昔の家めし


自身の体験だけで時代を語り総括するのは危険なことであることはもちろん承知していますが、現代の感覚で過去を同列に語ることも危険であることは再三言ってきました。


私自身は「ちりとてちん」の再放送を見るのに忙しくて、話題の朝ドラ「ごちそうさん」はほとんど見ていないのですが、ファンの間では、お母さんの作る料理が家族を幸せにするという幸福感を讃えている方が多いと聞きました。


確かに料理上手のお母さんが家族を幸せにするというのには全く異論はないのですが、「ごちそうさん」の時代まで遡ることはできなとはいえ、戦後 昭和30-40年代には食生活は現代とは比較にならないほど貧しいものでした。


あくまで私の周りのことだけなのですが、食材は地元のものがほとんどで、お総菜の中心は野菜でした。しかも、夏は茄子と胡瓜ばっかり、冬は大根や蕪、白菜ばっかり、毎日それが続くのです。いわゆる「茶色いおかず」が中心でした。お肉はごちそうであったのです。(現在なら地産地消 季節の野菜だけという贅沢と言われるでしょうが、毎日同じ食材というのは食事を楽しくしません)


周辺地域に育った同級生は「近所に肉屋なんてなかったから、カレーはシーチキン入りしか食べてことがなかった」といい、別の友人は「すき焼きは豚肉が通常だと思ってた」と語りました。

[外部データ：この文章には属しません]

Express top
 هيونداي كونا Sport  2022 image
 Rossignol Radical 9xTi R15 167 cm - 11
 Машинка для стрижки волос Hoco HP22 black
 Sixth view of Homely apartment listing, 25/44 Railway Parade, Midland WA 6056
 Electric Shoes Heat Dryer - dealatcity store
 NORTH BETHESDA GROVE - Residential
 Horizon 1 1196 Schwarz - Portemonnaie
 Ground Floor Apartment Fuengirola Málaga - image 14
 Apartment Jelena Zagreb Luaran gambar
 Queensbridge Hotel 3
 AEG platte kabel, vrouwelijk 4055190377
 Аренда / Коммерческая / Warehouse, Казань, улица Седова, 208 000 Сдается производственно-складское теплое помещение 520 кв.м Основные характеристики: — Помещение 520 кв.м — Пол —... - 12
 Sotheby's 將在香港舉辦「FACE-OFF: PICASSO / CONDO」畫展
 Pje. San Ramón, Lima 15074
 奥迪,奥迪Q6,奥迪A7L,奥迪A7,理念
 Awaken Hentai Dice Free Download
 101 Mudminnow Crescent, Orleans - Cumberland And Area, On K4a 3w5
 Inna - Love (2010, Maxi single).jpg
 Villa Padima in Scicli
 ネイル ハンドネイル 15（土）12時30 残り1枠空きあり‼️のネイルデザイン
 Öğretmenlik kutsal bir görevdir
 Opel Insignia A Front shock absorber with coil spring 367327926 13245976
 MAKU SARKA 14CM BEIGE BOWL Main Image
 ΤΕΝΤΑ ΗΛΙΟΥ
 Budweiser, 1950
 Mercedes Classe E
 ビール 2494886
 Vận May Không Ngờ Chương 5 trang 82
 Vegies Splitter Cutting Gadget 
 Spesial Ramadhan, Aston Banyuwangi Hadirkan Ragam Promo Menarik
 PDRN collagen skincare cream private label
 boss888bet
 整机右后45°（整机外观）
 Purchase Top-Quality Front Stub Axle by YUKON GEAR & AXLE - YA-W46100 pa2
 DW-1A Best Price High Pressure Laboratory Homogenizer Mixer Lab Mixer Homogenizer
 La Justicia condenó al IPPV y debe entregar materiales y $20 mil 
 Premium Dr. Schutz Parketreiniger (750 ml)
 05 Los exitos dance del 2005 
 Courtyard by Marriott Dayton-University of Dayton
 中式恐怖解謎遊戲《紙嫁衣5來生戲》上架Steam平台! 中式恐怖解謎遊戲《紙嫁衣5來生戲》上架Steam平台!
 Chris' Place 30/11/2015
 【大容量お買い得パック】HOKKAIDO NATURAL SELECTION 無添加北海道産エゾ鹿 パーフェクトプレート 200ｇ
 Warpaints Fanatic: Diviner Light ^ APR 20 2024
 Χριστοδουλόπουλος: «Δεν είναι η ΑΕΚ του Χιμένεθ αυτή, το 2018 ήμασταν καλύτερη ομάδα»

つい最近、「女性は家庭にあって家族を守るもの」という趣旨の発言で物議をかもした方がいましたが、私が育ったのは街の中心部で、周りは商家ばかりでしたから専業主婦なんていませんでした。お母さんは皆店に出る大切な働き手でしたから、家族のご飯に手間暇かけていることなどできませんでした。家めしがやっつけであったとしても誰も文句は言えません。ご主人がサラリーマン、奥様は専業主婦なんてハイソ・・・という意識が強くありました。昭和30年代、「オールウェーズ」の時代のことです。


ですから、休日の食事はそれなりに豪華でも(すき焼きがごちそうで多かった記憶があります) 日々の食事が楽しくて美味しいという記憶はほとんどありません。それでも戦争経験者の父は、「おなかいっぱい食べられることの幸せをお前らは知らない」「ひもじいという知らない」とよく言っていました。



家庭の料理のバリエーションが豊かになり、各国の食材、各国の料理が一般家庭に浸透したのはそれほど昔のことではないのです。


いうまでもなく、健康のための食事とかダイエットのための食事などという考え方が表れたのも1980年代以降ではなかったかという記憶があります。


今現代の食環境の水準で昔を思ってしまうと、「パンがなければケーキを食べればいいのに」というマリー・アントワネット的心象で過去を語ってしまう可能性もあります。


とはいえ、これらの記憶はあくまで私の超私的なものなんですけどね。